## TASK TO COMPLETE
Word-for-word transcription: reproduce all of the data, but not the pictures.

## DATA EXTRACT
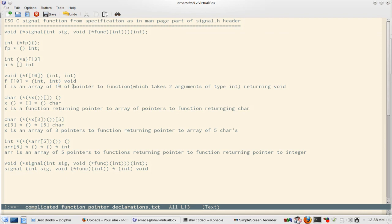f is an array — remember, f is not a function pointer here, f is an array. Those functions have return type void. See how easily I get confused! So f is an array of 10 pointers to functions, and those functions take two integers and return void.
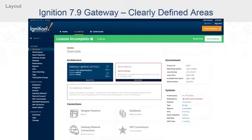Here we have a quick example of establishing clearly defined areas, seen in our recent redesign of the Ignition Gateway. There used to be some status information in the config sections and a little bit of config in the status sections, and vice versa.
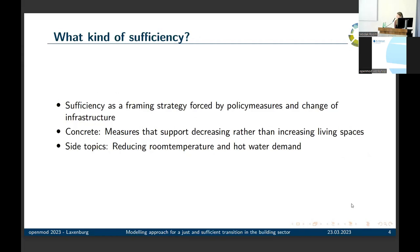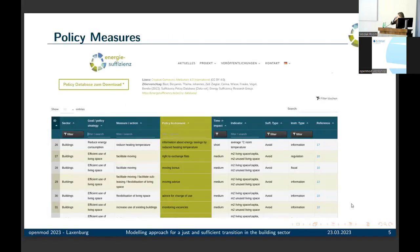What kind of sufficiency am I talking about? It's a framing strategy — so it's not about individual decisions, but about policy measures and changing infrastructure. More concretely in my work, it's about supporting decreasing rather than increasing living space per capita. Side topics contained in the building stock model include reducing room temperature and hot water demand, but the main focus is reducing living space per capita.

## YOUR RESPONSE
f is an array — remember, f is not a function pointer here, f is an array. Those functions have return type void. See how easily I get confused! So f is an array of 10 pointers to functions, and those functions take two integers and return void.
Here we have a quick example of establishing clearly defined areas, seen in our recent redesign of the Ignition Gateway. There used to be some status information in the config sections and a little bit of config in the status sections, and vice versa.
What kind of sufficiency am I talking about? It's a framing strategy — so it's not about individual decisions, but about policy measures and changing infrastructure. More concretely in my work, it's about supporting decreasing rather than increasing living space per capita. Side topics contained in the building stock model include reducing room temperature and hot water demand, but the main focus is reducing living space per capita.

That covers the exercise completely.